Contributors: Nikolaos Giannopoulos, Dimitrios Andronikou
Spring Semester 2021 - 2022
The code based on the main.c file written was based on the ASCII table to allow us to ignore lowercase Latin ,symbols.
Figure 1 shows the ASCII table which in this paper/lab we used as a first check if the input to our routine by taking the 1byte in register r4 is NUL i.e. an empty alphanumeric if it is true then we go to the EXIT label and terminate our routine. Then we check if it is less than the decimal equivalent of / if true then we go to label LOOP and get the next byte otherwise we then check if it is less than the character : if it is then we go to label START otherwise if it is not less we go to the next check and see if it is greater than the character @ if true then we go to label START otherwise again we go to label LOOP and get the next byte i.e. we ensure that if it is a symbol : ? < = > ? @ then we ignore it and go to the next one. When we are inside after label START then we check if the character is greater than the symbol [ if true then we go to label LOOP to get the next byte. Otherwise if it is not true then the whole process of checking the alphanumeric and converting it based on the Hash table of the task starts. Finally when we find the EXIT label then we write the final result from register r5 to the memory location of r1 which is the second argument of the function returning the value.

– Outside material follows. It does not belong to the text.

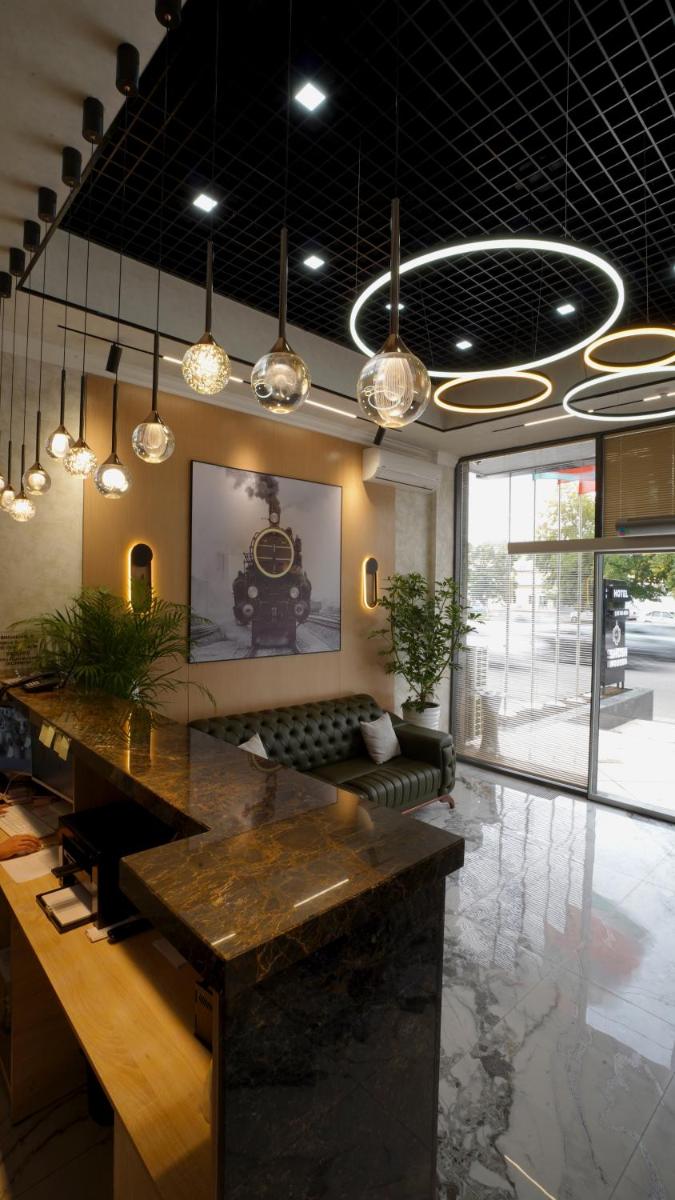 Hotel Shosh Modern - Housity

The main problem was the missing indication of the Keil tool as there were problems in the compile that required compiler version 5.The other issue was the white spaces where we were not given any help but had to find it ourselves as the tool did not clarify where there was a problem in the gaps.
Another problem was in the first tests where the debugger did not and had the error "Error: Could not load file 'D:\DocData\school\eight\micro\keil\new1\Objects\ex1.axf'. Debugger borted !"
The testing was done by giving values for each control mentioned above to verify its correct operation. We then tested the example given in the lab pdf i.e. value = "σAr, PE 2!" and we got the result of 66 as it should be.